Gretchen Rous Besser
The gathering of Nathalie Sarraute's plays into a single volume [Théâtre] allows the reader to note the emergence of certain patterns and themes. The action of each play begins in medias res. As in her novels, where the reader must make his way unaided by the accustomed props of characterization and plot, the background exposition of conventional drama is withheld. The reader/spectator is plunged into the heart of an ongoing conversation, into a maelstrom of swirling tropisms. Since all of Sarraute's plays were originally conceived of as plays for radio, the clash among opposing attitudes and feelings is revealed uniquely in the cross-patter of voices. In each play there is a hypersensitive recipient of tropisms, who is attuned to emotional repercussions imperceptible to the "others." Often, like H.1 in Le Silence, like Pierre in Le Mensonge, like the husband and wife in Isma and H.2 in Elle est là, this character is torn between the ambivalent need to convince others of his perspicacity, gain their adherence, associate himself with the group, and the contrary need to remain a loner, reinforce his isolation, and maintain his individuality. Invariably, this person becomes the catalyst whereby buried tropisms come to light. Thanks to his nagging persistency, hidden impulses rise to the surface, arouse an assortment of unacknowledged emotions—jealousy, rage, frustration, envy, even violent impulses to torment and kill—before they subside into oblivion.
Language has always been of primary concern to Sarraute—language as a means of perverting meaning, preventing communication, congealing feelings, breeding intolerance. Language and its inadequacies are at the heart of her earlier plays. In the total picture of her theater, a progression can now be discerned. From a concentration on the power of language—the ominous ambiguity of non-communication in Le Silence, the inextricable intertwining of truth and falsehood in Le Mensonge, even the irritating effects of speech mannerisms in Isma and of certain pat formulae in C'est beau—Sarraute has arrived at a concentration on the power of thought itself.
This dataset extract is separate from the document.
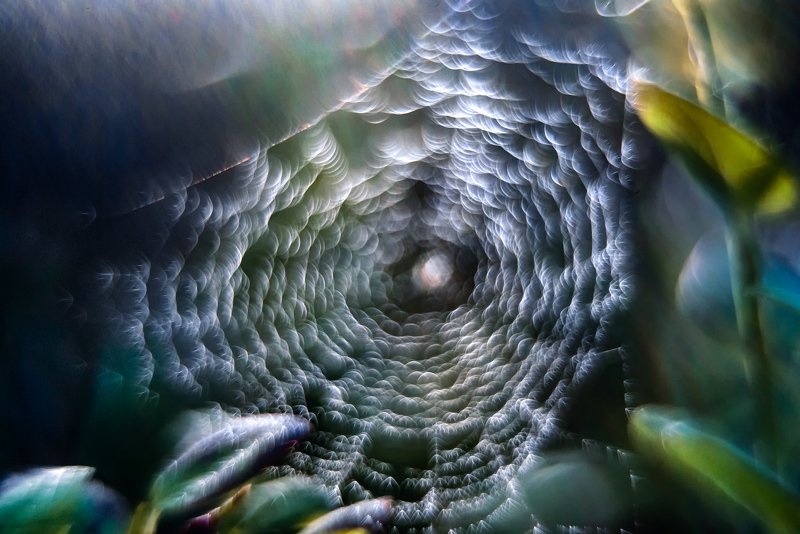 macro, web, bokeh, vintage lens, nature, abstract webphoto preview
By exploring dogmatism as a form of moral coercion—not on a grandiose politico-philosophical scale, but in its tiny, unnoticed, and insidious emotional repercussions on quite ordinary human beings—she opens a door onto profoundly disturbing vistas. In her diffident, circuitous way, Nathalie Sarraute has become a moralist for our time. (p. 498)
Gretchen Rous Besser, in a review of "Théâtre," in The French Review, Vol. LIII, No. 3, February, 1980, pp. 497-98.